Reproduce, exactly and in full, the lines from the one with "a bedroom with" through the one with "Manufacturing and production" in the data below; drop pictures.

**Task inputs:**
○ ○ ○ ○ ○
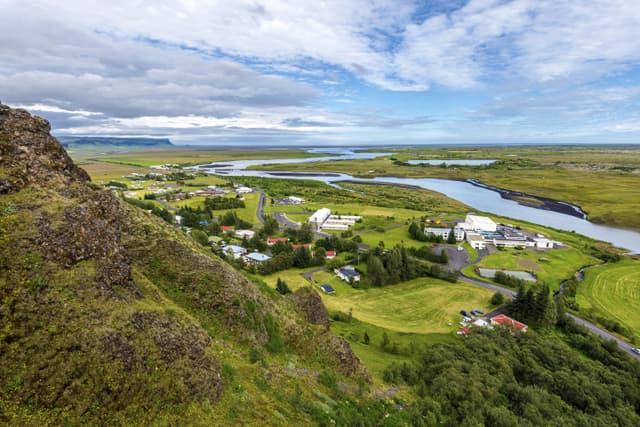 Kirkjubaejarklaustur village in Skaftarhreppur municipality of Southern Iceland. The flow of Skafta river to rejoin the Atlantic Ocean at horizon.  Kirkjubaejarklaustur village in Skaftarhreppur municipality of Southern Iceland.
○ ○ ○ ○ ○
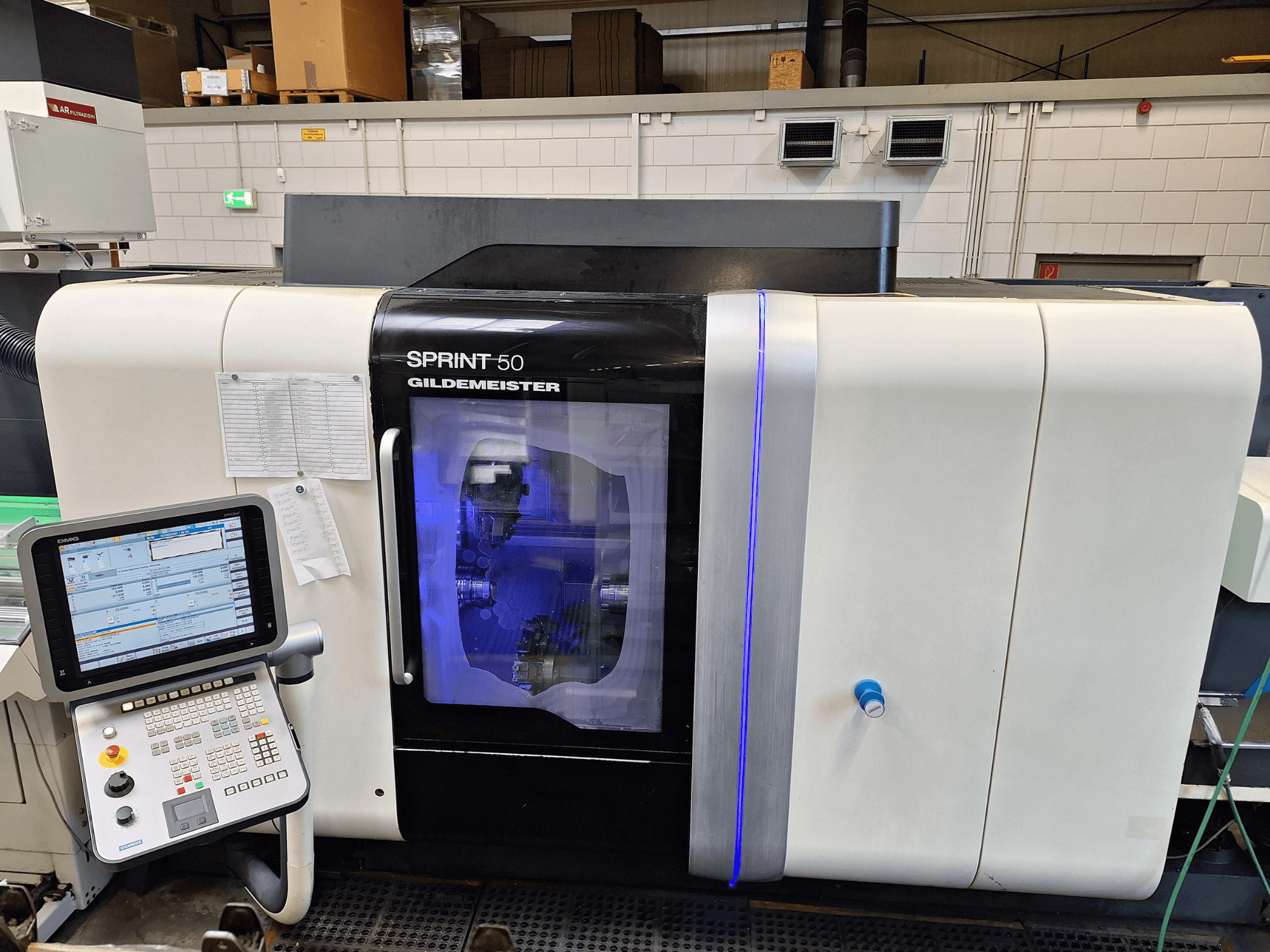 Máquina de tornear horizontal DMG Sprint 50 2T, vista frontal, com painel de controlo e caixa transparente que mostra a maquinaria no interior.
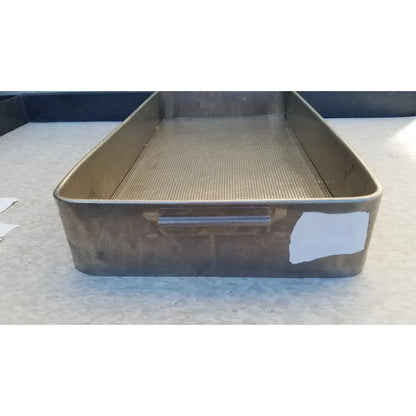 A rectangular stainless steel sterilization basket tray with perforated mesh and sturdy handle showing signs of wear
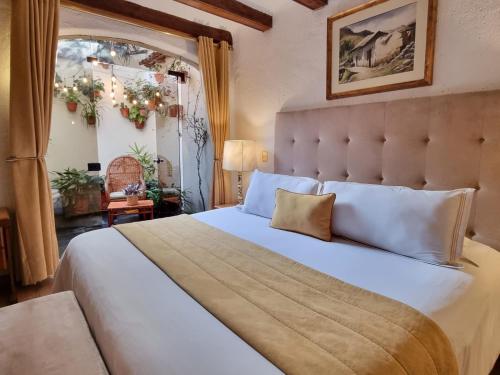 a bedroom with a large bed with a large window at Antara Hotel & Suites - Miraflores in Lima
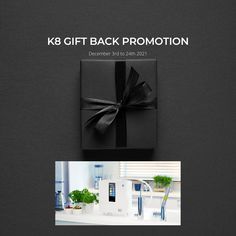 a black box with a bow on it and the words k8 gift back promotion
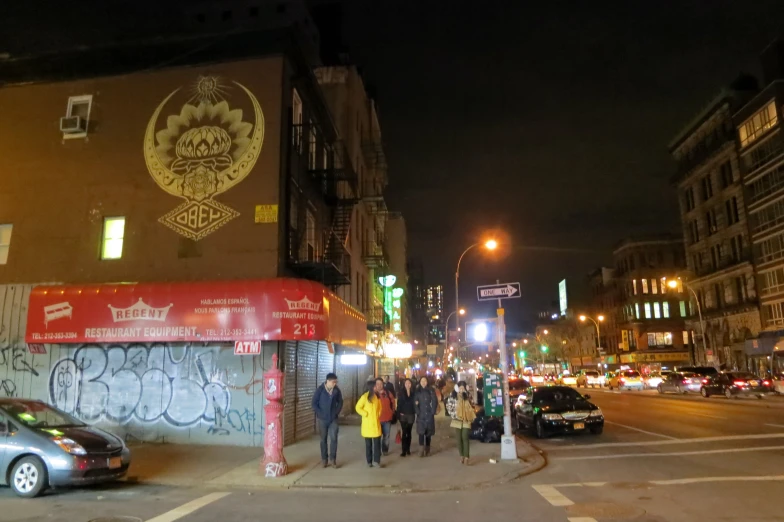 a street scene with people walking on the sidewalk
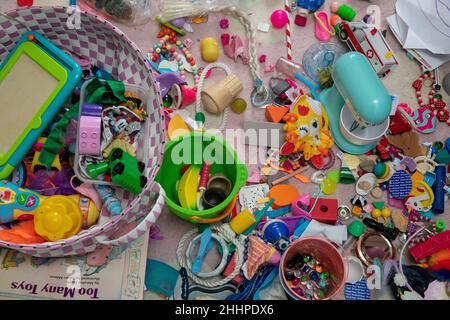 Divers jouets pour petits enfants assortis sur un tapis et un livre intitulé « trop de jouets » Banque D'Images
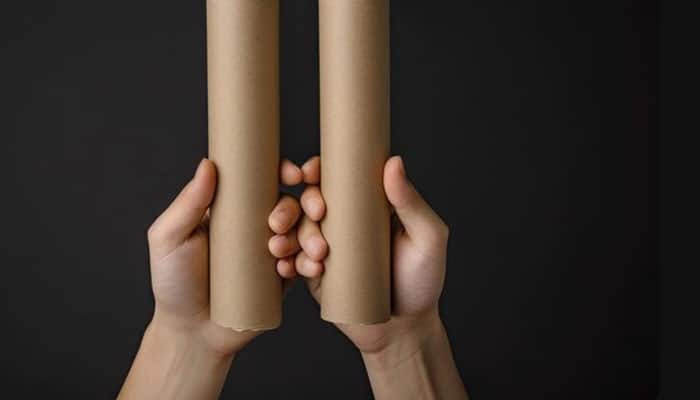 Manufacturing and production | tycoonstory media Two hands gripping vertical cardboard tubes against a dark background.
○ ○ ○ ○ ○
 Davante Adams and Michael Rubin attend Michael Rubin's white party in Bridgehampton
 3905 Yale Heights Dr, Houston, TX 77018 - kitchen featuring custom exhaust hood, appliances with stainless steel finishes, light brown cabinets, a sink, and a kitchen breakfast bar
○ ○ ○ ○ ○
**Task response:**
 a bedroom with a large bed with a large window at Antara Hotel & Suites - Miraflores in Lima
 a black box with a bow on it and the words k8 gift back promotion
 a street scene with people walking on the sidewalk
 Divers jouets pour petits enfants assortis sur un tapis et un livre intitulé « trop de jouets » Banque D'Images
 Manufacturing and production | tycoonstory media Two hands gripping vertical cardboard tubes against a dark background.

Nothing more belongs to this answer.